1990'ların başından itibaren doğrudan Alevi kimliği üzerinden örgütlenmeye başlayan Alevilerin eşit yurttaşlık talepleri karşısında siyasal irade, Aleviliğin siyaseten makul bir biçimde yeniden inşasını talep etmektedir. Bu anlamda devletin bir "Alevilik sorunu" bulunduğu açıktır. Öte yandan modernleşme deneyiminin Aleviliğin kurumlarında yarattığı aşınma ve işlev kaybı, Alevilik ile Aleviler arasında bir mesafe yaratmış ve Aleviliği özellikle genç kuşaklar açısından dışarıdan öğrenilen bir deneyime dönüştürmüştür. Söz konusu mesafe, Alevileri de geleneklerini yeniden keşfetmeye ve inşa etmeye zorlamaktadır. Bu zorunluluğun devletin Alevilik sorunuyla konjonktürel olarak çakışması, Aleviliğin devlet eliyle inşa edilmesi tehlikesini beraberinde getirmektedir. Elinizdeki çalışma, Aleviler açısından bu tehlikeyi bertaraf etmenin yolunun, Aleviliğin tarih ve evren tasarımını doğru okumak ve siyasal talepleri bu tasarımın diline tercüme etmekten geçtiğini iddia etmektedir. Çalışma, Aleviliğin söz konusu tasarımını şekillendiren zaman ve kutsallık kavrayışı üzerine odaklanmakta ve bu kavrayışla devletin ve aşkın dinlerin tarih ve evren tasarımı arasındaki karşıtlığı vurgulamayı hedeflemektedir.

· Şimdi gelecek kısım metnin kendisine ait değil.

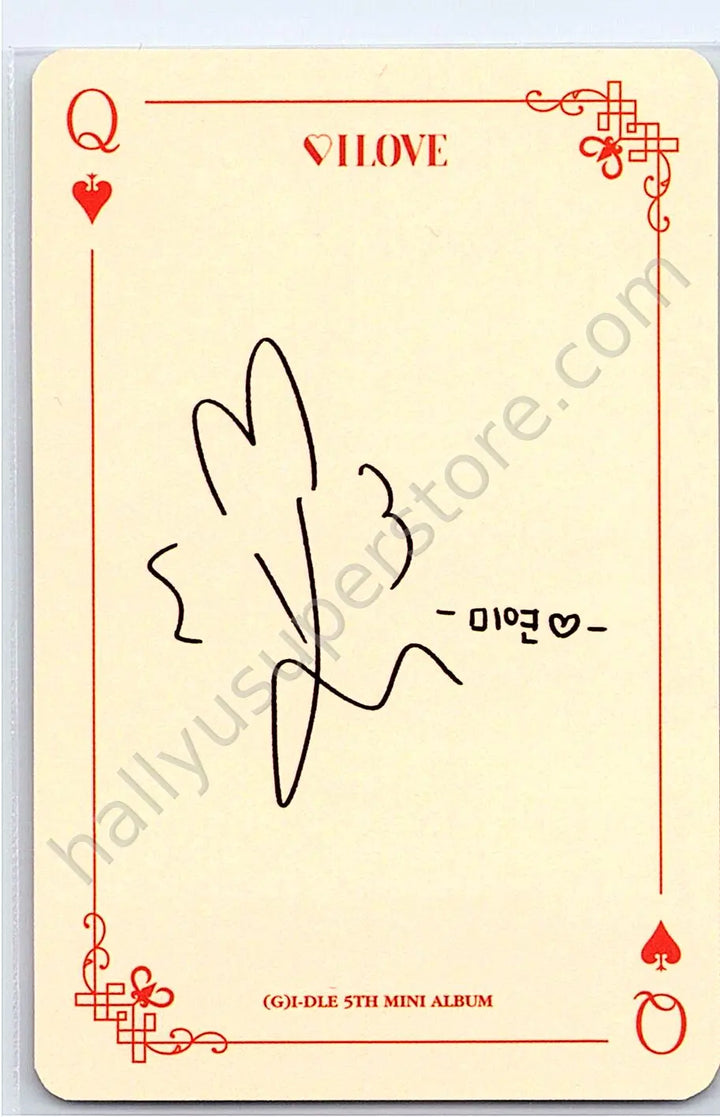 i-dle - Miyeon - I Love album photocard born version standard version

Nowadays, political government confronts the equal citizenship rights demands raised by Alevis which organized through Alevi identity in the last two decades by demanding a 'reasonable' political reconstruction of Alevilik. In this sense, there is an evident "Alevi question" for Turkish government. On the other hand, the erosion and loss of function caused by modernization process, enlarged the gap between Alevilik and Alevis, and reduced Alevilik to an external experience especially for young generations. The gap in question forces Alevis to reinvent and rebuild their traditions. The conjunctural overlap between this enforcement and Alevi question of government brings with it the risk of a reconstruction of Alevilik in accordance with government policies. This paper argues that the elimination of this risk is possible only through a correct understanding of the conception of history and universe in Alevilik, and by translating political demands to the language of this conception. The focus of this article will be on explaining the understanding of time and sacredness which shape the conception in question, and highlighting the opposition between this conception of history and universe on one side, and the conception adopted by state and transcendental religions on the other.